![Item #409836 Autograph note signed ("C. Bronte"), “Saturday,” to “N." [Ellen Nussey], [18 June 1853]. Charlotte BRONTË.](https://riverrunbooks.cdn.bibliopolis.com/pictures/409836.jpg?width=768&height=1000&fit=bounds&auto=webp&v=1694112948)
Autograph note signed ("C. Bronte"), “Saturday,” to “N." [Ellen Nussey], [18 June 1853]
One page, oblong, 80 x 95mm. Tipped at corners on the verso of the frontispiece in Charlotte Brontë, Shirley, London: Smith, Elder and Co, 1872. Trimmed closely, visible horizontal fold near top, but generally fine. Item #409836
Apparently a lost letter from Charlotte Brontë to her close friend Ellen Nussey. Reading:
"Saturday.
N. [Brönte often addressed notes to Nussey with her sobriquet "Nell"]
The enclosed is from Amelia [Taylor, neé Ringrose, their mutual friend] to you.

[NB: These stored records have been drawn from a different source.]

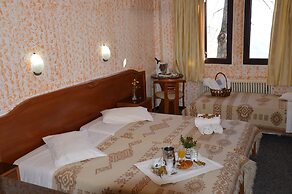 Hani Zisi Hotel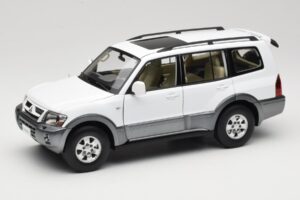 Mitsubishi Pajero V73 Wit YC Model 1:18 241218040103010206 Metaal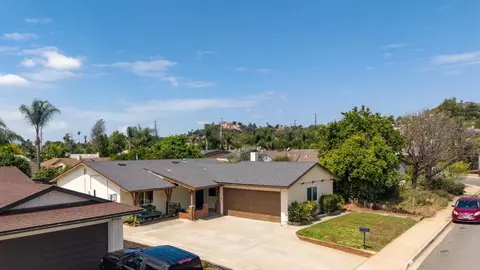 View/Area - 1127 Paula Way, Escondido, CA 92027 photo 3 of 5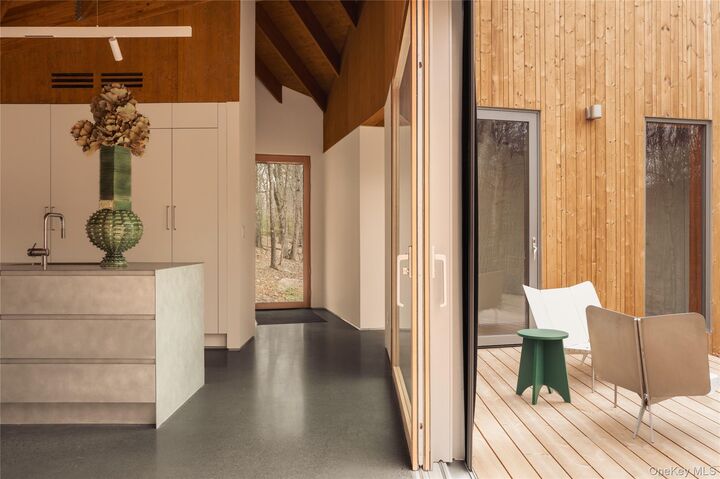 Property Photo:  760 Ohayo Mountain Road  NY 12433 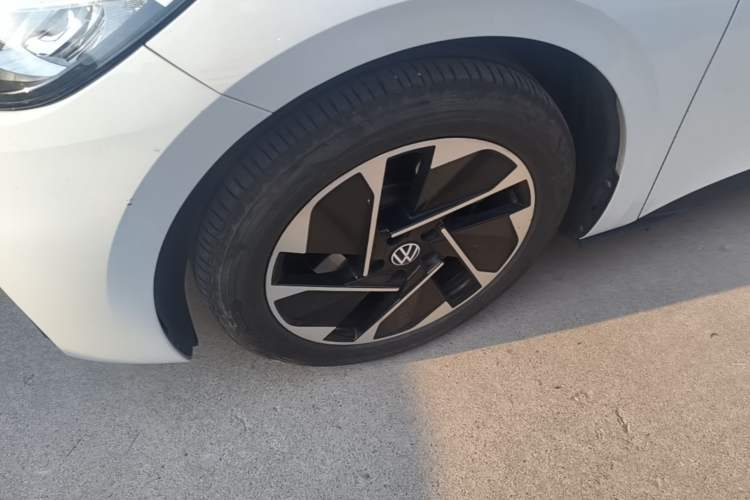 Used Volkswagen ID.3 2023 Pure Smart Edition Left Front Wheel Hub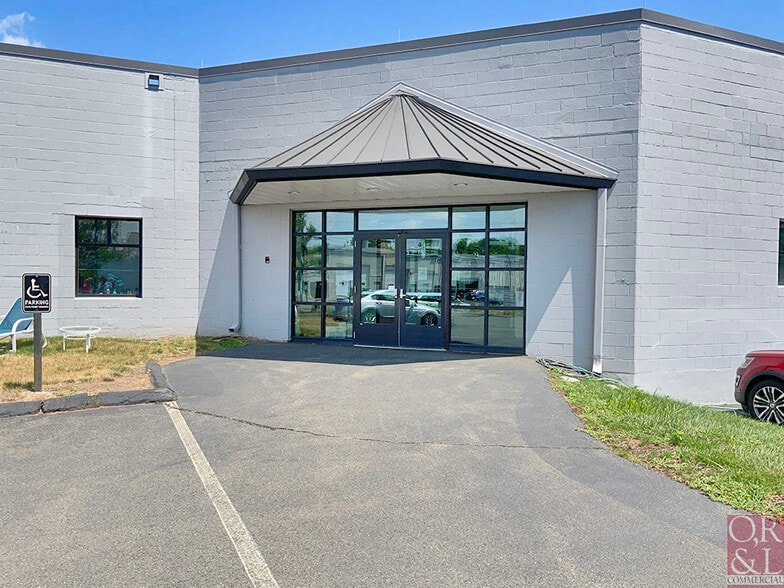 45 Ne Industrial Rd, Branford, CT for sale - Building Photo - Image 2 of 12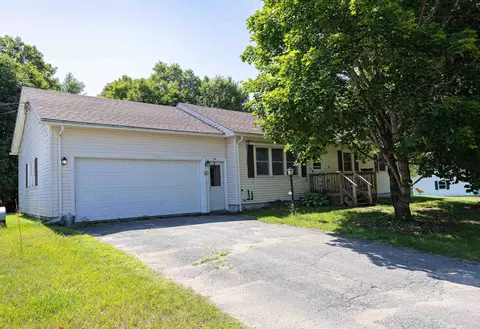 269 Lyndon Heights Dr, Lyndonville, VT 05851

I have not read it of course though it was sent open.
As I expected – Mrs. Gaskell cannot now come till Autumn – So I shall expect you next Thursday. Write by return (it takes 2 post from Oundle to Haworth) to tell me by what train you will arrive at Keighly. C Brontë."

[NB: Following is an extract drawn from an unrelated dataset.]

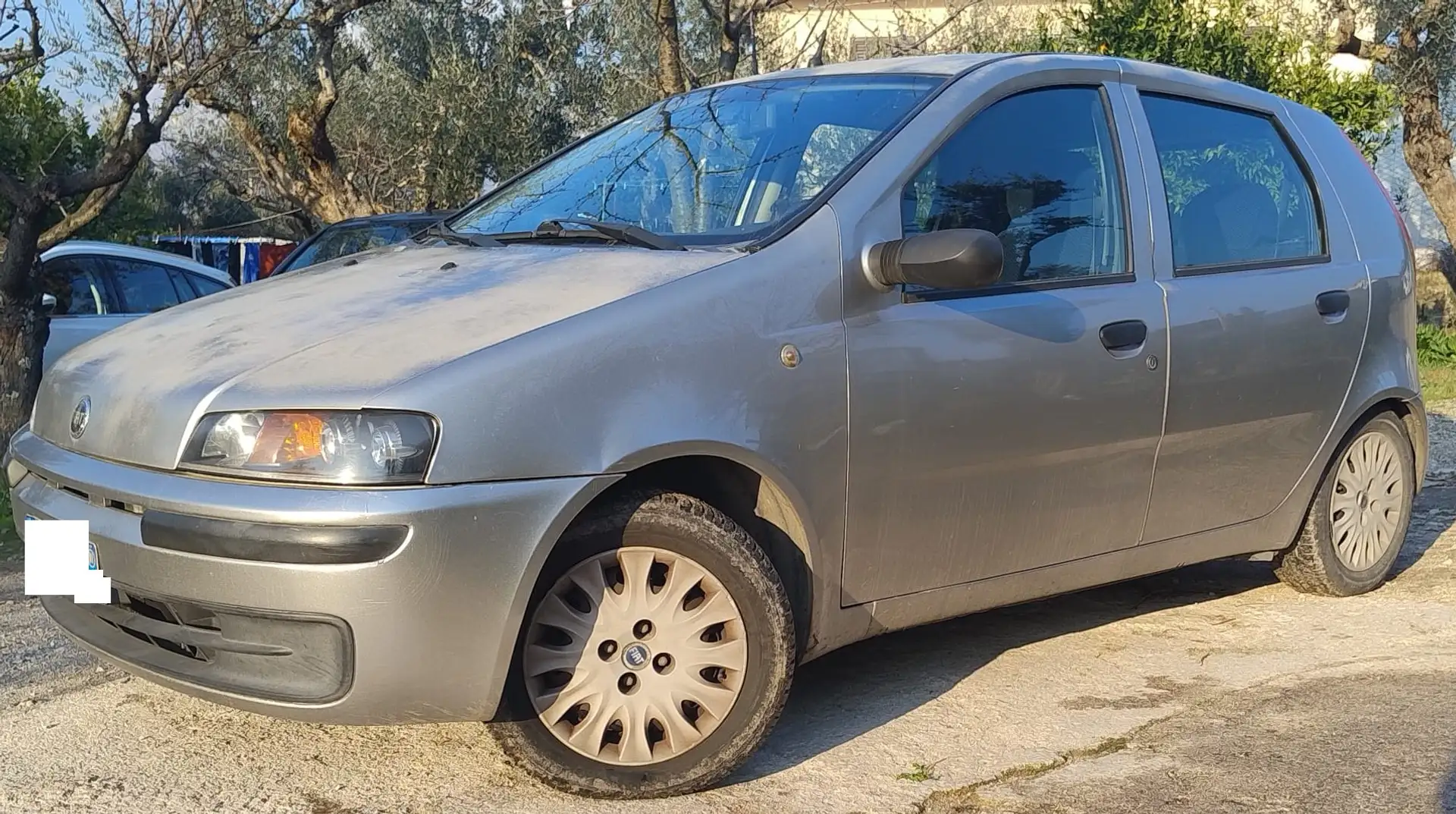 Fiat Punto Punto 5p 1.9 jtd ELX Gris - 1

A fragmentary transcription of this note is found in Brontë’s Letters (ed. Margaret Smith, vol. 3, Oxford University Press, 2004), with the original manuscript source annotated as untraced. The date was derived from a letter Brontë sent to Nussey two days later, on 20 June 1853, in which she complains that this note was not sent: "I have been very much vexed to find that Martha [Brown, the Brontë’s servant] forgot to post my letter of Saturday 18th till too late – consequently we have no post on Sunday, it will not go till to-day and you cannot receive it till Tuesday at the earliest – not till Wednesday – if I am right about the 2 posts to Oundle..." She goes on at greater length to discuss Nussey’s visit to Haworth and her health in this letter (Brontë Parsonage Museum, Brontë Society, MS 90). Wise & Symington, The Brontës: Their Lives, Friendships and Correspondence 855 referenced this June 20th letter, as well as the present note. Their original source was likely from a copy, like those in Ellen Nussey’s copies of letters from Charlotte Brontë that were bought by Mrs. Needham of Blackburn in 1898 and are now in the Brontë Parsonage Museum.
Ellen Nussey (1817-1897) was a lifelong friend and correspondent of Charlotte Brontë. The more than 500 letters Nussey received from the author formed the basis of Elizabeth Gaskell's 1857 biography. Nussey was one of two witnesses present at Charlotte’s marriage to Arthur Bell Nicholls in June 1854, and when Charlotte died less than a year later Nicholls was concerned that their correspondence would damage Charlotte’s reputation and he asked that the letters be destroyed. Nussey refused and sought to have them published, but Nicholls, holding the copyright, blocked their release. According to auction records, some 23 letters by Brontë to Nussey have been sold since 1980 (along with the tranche of 30 letters sold at the Christie's 25 March 1980 benefit sale for the Grolier Club), though they are of increasing scarcity in the market: none are recorded at auction since 2017, the last being only an envelope addressed in Charlotte's hand.